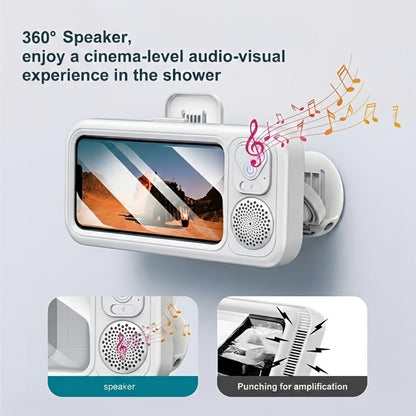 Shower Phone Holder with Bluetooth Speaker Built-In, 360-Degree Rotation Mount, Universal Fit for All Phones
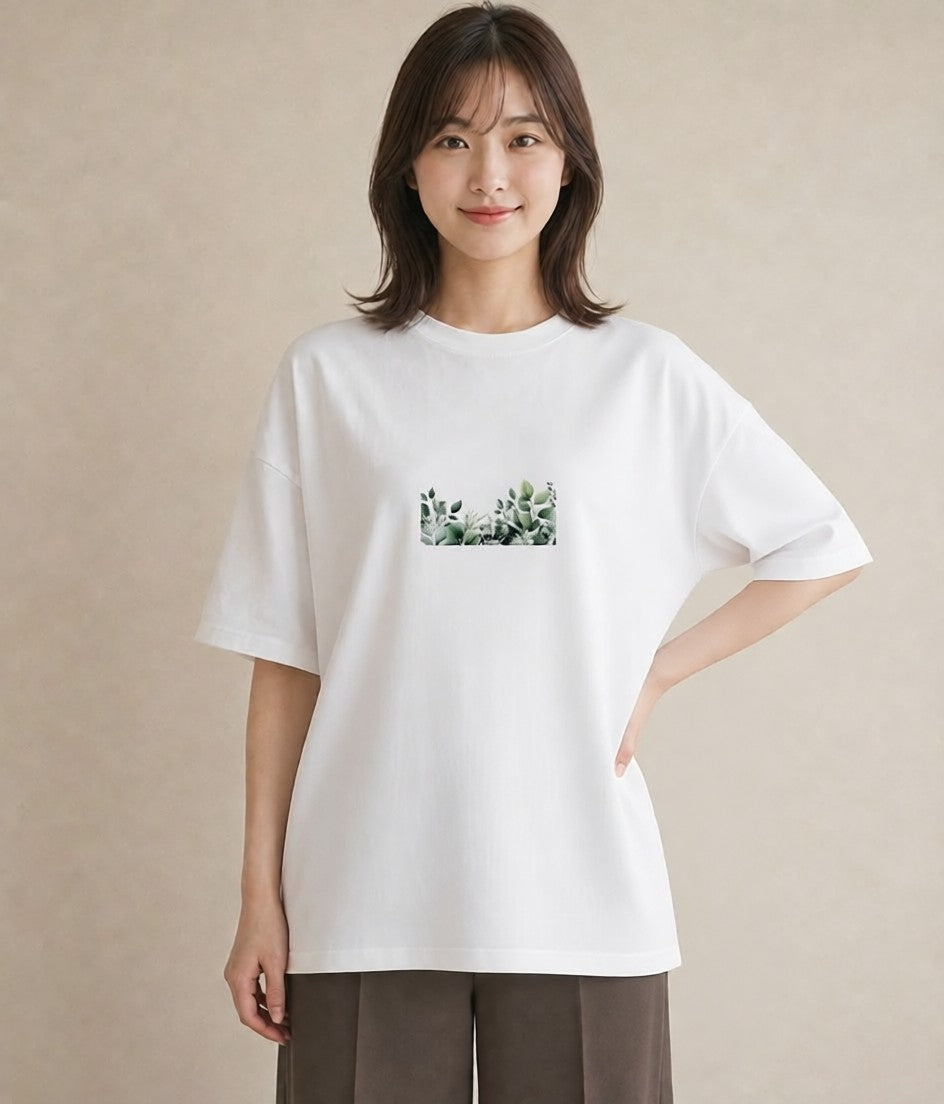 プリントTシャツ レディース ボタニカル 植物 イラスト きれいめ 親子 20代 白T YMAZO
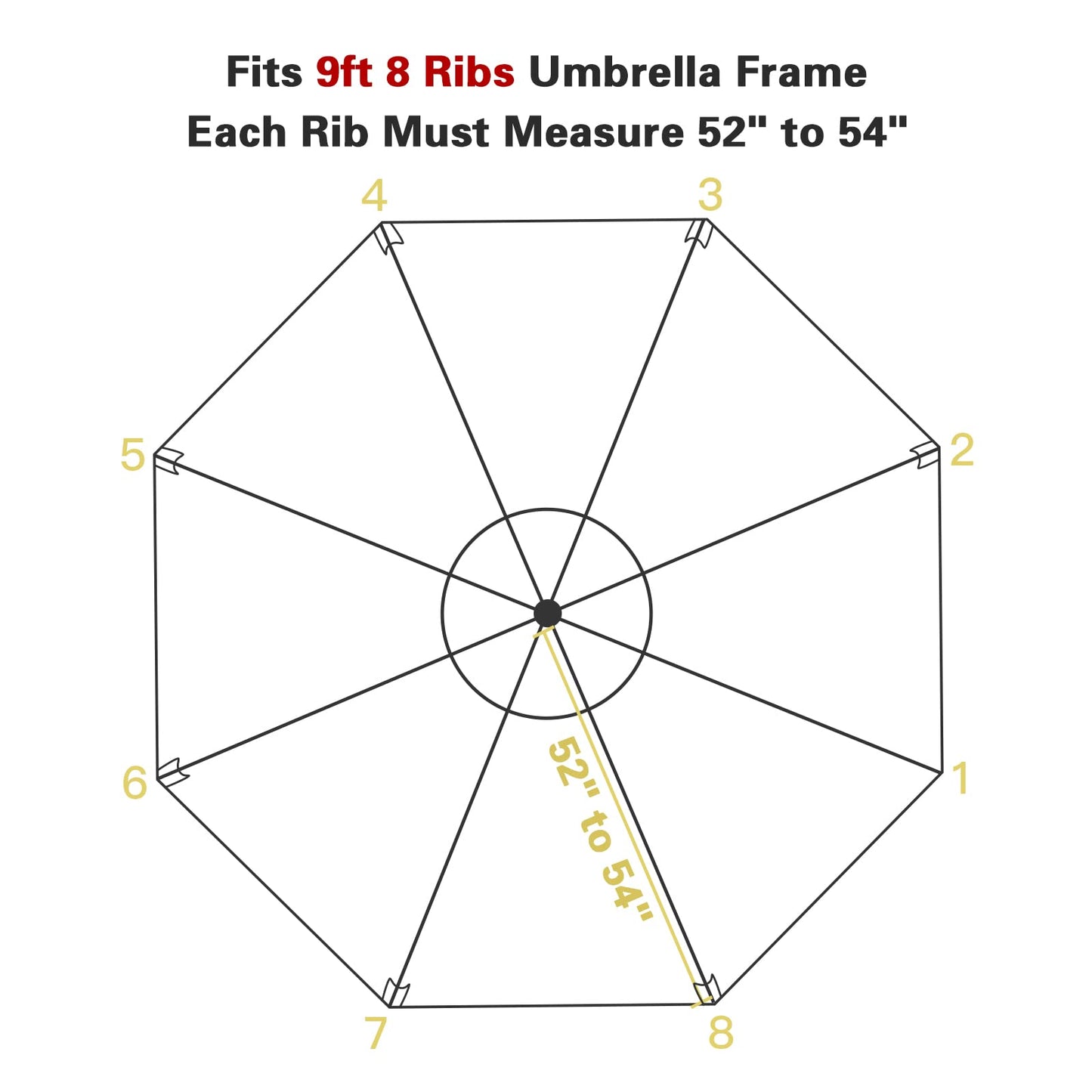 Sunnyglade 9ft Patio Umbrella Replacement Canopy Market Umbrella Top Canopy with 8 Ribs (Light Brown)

==

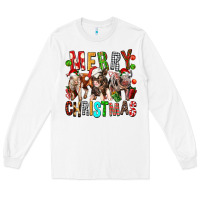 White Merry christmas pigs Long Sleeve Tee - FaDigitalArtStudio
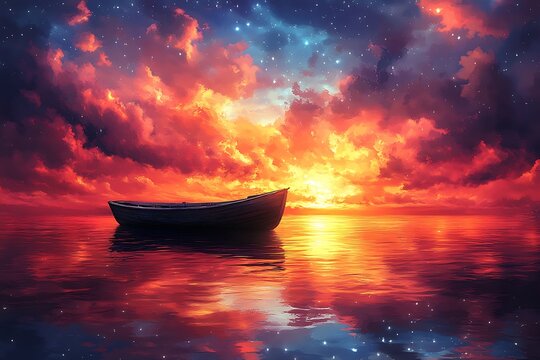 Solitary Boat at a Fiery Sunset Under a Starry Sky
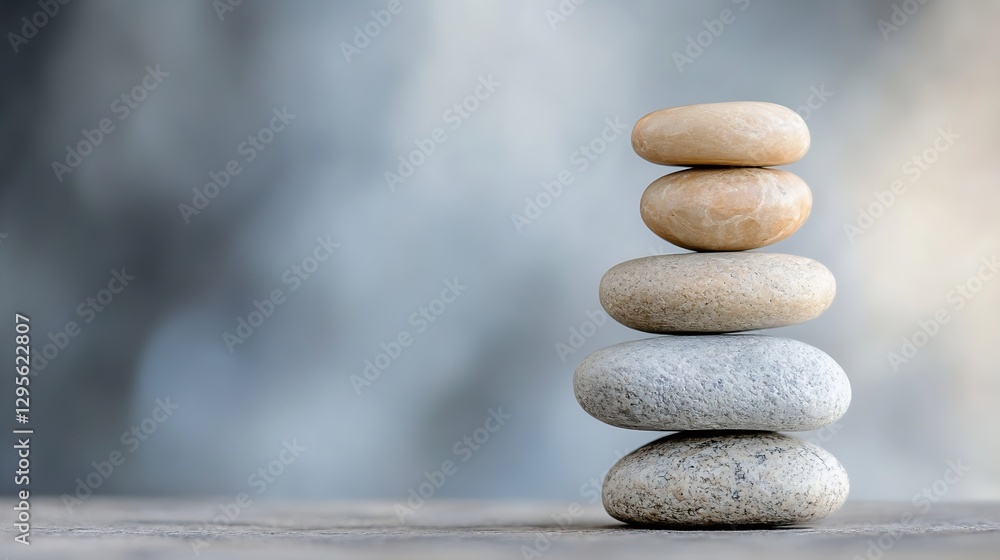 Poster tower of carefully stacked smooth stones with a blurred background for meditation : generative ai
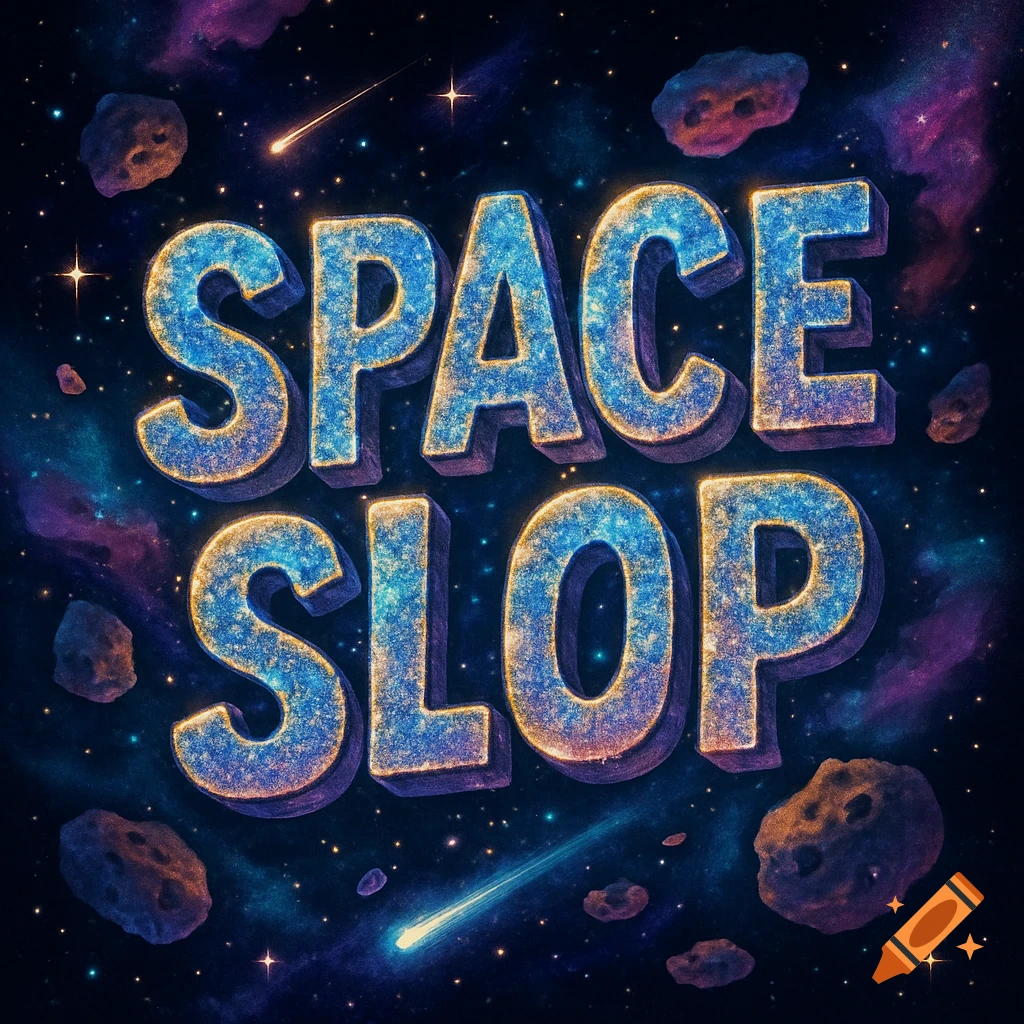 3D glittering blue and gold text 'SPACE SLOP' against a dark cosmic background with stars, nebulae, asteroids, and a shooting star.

What you need to do ::
Reproduce exactly the lines above that run from the one with "Shower Phone Holder" to the one with "Sunnyglade 9ft Patio", both included, leaving pictures out.

Response area ::
 Shower Phone Holder with Bluetooth Speaker Built-In, 360-Degree Rotation Mount, Universal Fit for All Phones
 プリントTシャツ レディース ボタニカル 植物 イラスト きれいめ 親子 20代 白T YMAZO
 Sunnyglade 9ft Patio Umbrella Replacement Canopy Market Umbrella Top Canopy with 8 Ribs (Light Brown)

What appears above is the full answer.